Ticaretin temeli para kazanmak üzerinedir. Küçük esnaftan başlayarak kocaman markalara kadar tümünde önemli olan kendilerine göre hedeflere ulaşmaktır. Para kazanmaktır, menfaat elde etmektir, çıkar sağlamaktır, değer yaratmaktır. Hedef esnafta yani küçük ticari kuruluşlarda çıplak olarak para kazanmaktır. Kazan da nasıl kazanırsan kazandır. Her şekilde satış yapmak esastır. Sat da nasıl satarsan sat. Satmak için her yol mubahtır hatta. Böyle olunca iş kuran girişimcinin temel bakışı bu işten para kazanır mıyımdır. Para kazanamayacaksa ya da uzun vadede para kazanacaksa bile o işe pek sıcak bakmaz. Kısa vadede, hemen para kazanacaksa tamamdır. Bu heyecanla kurulan işlerde duraklama dönemlerinde kullanılan cümle “kesat”tır. İşler kesat gitti mi tüm moral motivasyon biter. Kötü virüs vücuda girmiştir ve yayılmak üzeredir artık. Çok fazla geçmeden de o iş kapatılır veya başka para kazandıracak bir yere dönüştürülür.

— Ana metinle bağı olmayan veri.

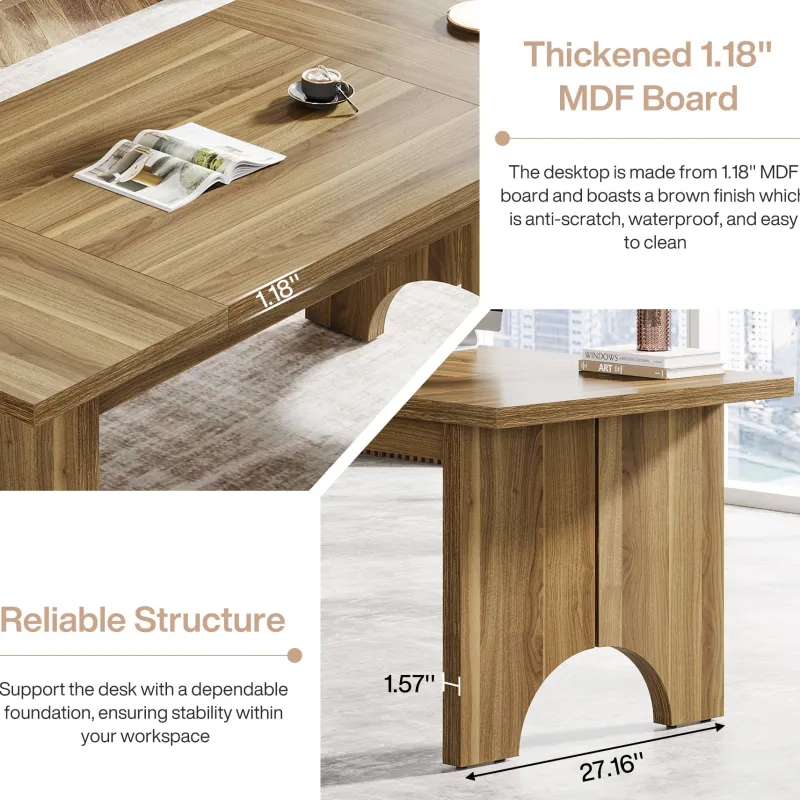 Tribesigns Desks*63" Executive Desk, Rustic Wood Computer Desk Office Desk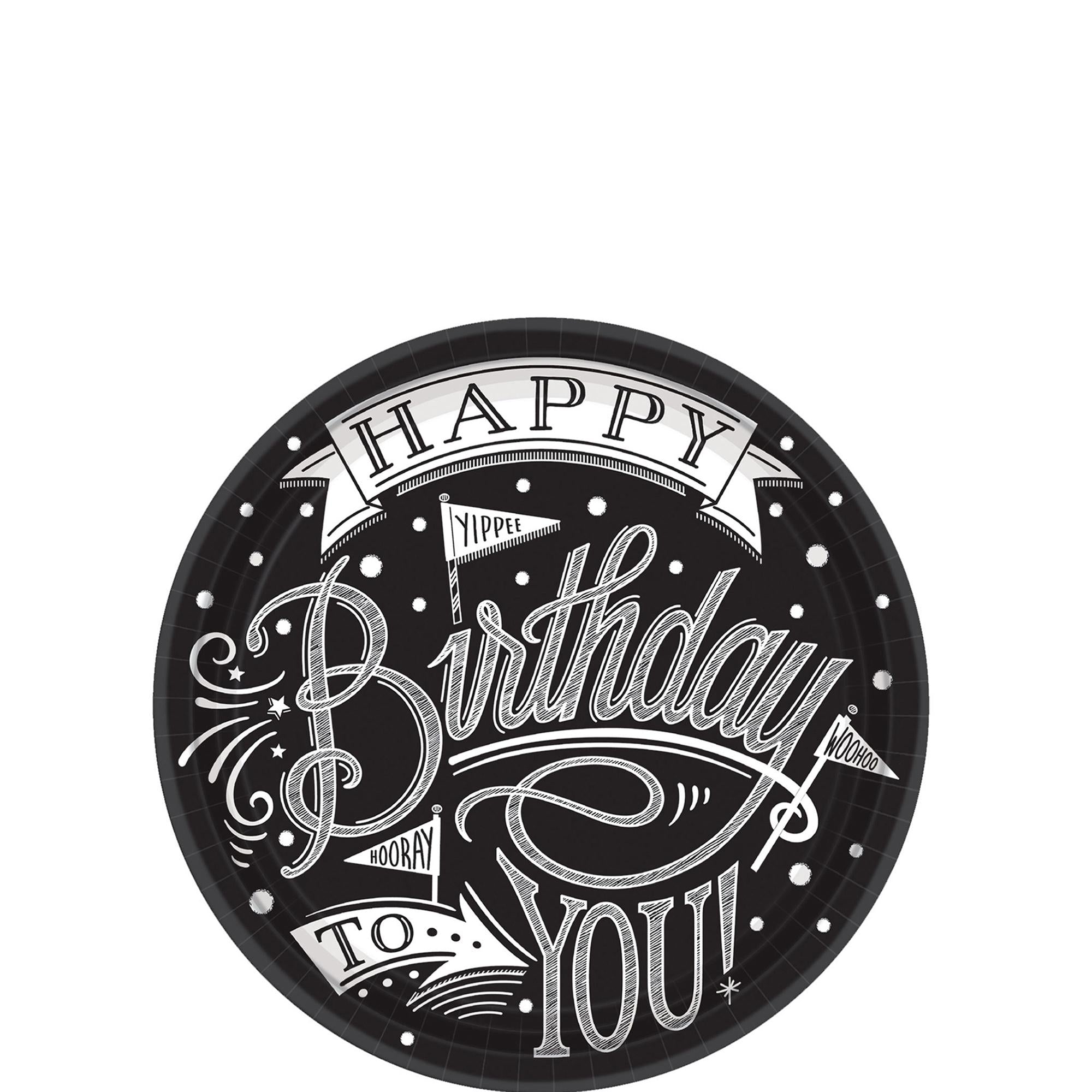 Hooray It's Your Birthday  Paper Plates 7in, 18pcs Printed Tableware - Party Centre - Party Centre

Hemen ve kısa vadede para kazanmak üzere iş kuran girişimcinin başkaca bir hedefi yoktur. Kazanmak sadece ve sadece para kazanmak. Bu para onu döndürsün de nasıl döndürürse döndürsün. Bu kısır döngü da değer kavramından marka kavramına zıplamak asla düşünülmez. Akıl fikir sadece parayı denklemektir. Bir ay diğer aya denk getirilmeye çalışılır.

Bu satış odaklı zihniyetin büyümek ve gelişmek için iletişim ve reklam yapmak gibi beklentisi yoktur.

Hep başkasına suç bulur bu girişimci. Suçlayarak herkese girişir binevi. Moral motivasyon para odaklıdır. Para para para.

Kredibilite, değer, marka kavramları içi boştur onun için.

İtibar, paraya endeksli bir şeydir. Parası varsa itibarı da vardır inancı asla değiştirilemez bir inançtır. İtibar yönetiminin karşılığı yoktur yani.

Pazarlama ile satışın farkını bilmeden satışa odaklanan bu zihniyetin iletişime yatırım olarak bakması da maalesef mümkün olmuyor. İletişimin bileşenleri olan reklam, halkla ilişkiler asla gerçek anlamına kavuşamıyor. Sadece para çalan maliyet kalemidir onlar için.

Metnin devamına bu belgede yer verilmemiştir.